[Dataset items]
═══

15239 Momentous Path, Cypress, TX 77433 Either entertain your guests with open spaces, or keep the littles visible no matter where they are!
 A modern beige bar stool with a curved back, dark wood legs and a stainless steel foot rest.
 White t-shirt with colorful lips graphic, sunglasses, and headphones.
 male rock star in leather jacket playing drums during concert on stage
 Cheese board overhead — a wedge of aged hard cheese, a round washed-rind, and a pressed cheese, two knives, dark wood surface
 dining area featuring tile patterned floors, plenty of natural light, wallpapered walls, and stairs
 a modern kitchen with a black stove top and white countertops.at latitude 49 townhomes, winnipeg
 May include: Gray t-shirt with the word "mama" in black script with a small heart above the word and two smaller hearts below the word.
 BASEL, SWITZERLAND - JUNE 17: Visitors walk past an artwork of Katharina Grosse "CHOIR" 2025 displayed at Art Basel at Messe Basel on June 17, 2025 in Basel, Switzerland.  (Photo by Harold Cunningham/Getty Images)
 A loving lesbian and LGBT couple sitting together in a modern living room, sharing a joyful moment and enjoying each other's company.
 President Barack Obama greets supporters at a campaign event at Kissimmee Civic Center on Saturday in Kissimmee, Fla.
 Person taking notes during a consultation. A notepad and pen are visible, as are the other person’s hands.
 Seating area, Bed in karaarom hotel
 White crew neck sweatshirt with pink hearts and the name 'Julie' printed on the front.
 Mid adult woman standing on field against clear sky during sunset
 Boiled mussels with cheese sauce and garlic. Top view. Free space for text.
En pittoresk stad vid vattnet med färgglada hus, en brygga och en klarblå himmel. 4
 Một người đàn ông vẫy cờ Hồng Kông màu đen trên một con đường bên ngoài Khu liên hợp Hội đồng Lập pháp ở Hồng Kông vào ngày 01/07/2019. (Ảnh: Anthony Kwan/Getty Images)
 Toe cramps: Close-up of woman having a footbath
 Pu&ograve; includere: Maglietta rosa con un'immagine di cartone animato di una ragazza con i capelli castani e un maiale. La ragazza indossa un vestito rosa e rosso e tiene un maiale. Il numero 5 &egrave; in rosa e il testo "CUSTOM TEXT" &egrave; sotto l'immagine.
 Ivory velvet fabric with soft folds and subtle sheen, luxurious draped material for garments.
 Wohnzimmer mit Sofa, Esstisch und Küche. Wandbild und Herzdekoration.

═══

Each line of the records with the word "dark" in it is to be copied.

 A modern beige bar stool with a curved back, dark wood legs and a stainless steel foot rest.
 Cheese board overhead — a wedge of aged hard cheese, a round washed-rind, and a pressed cheese, two knives, dark wood surface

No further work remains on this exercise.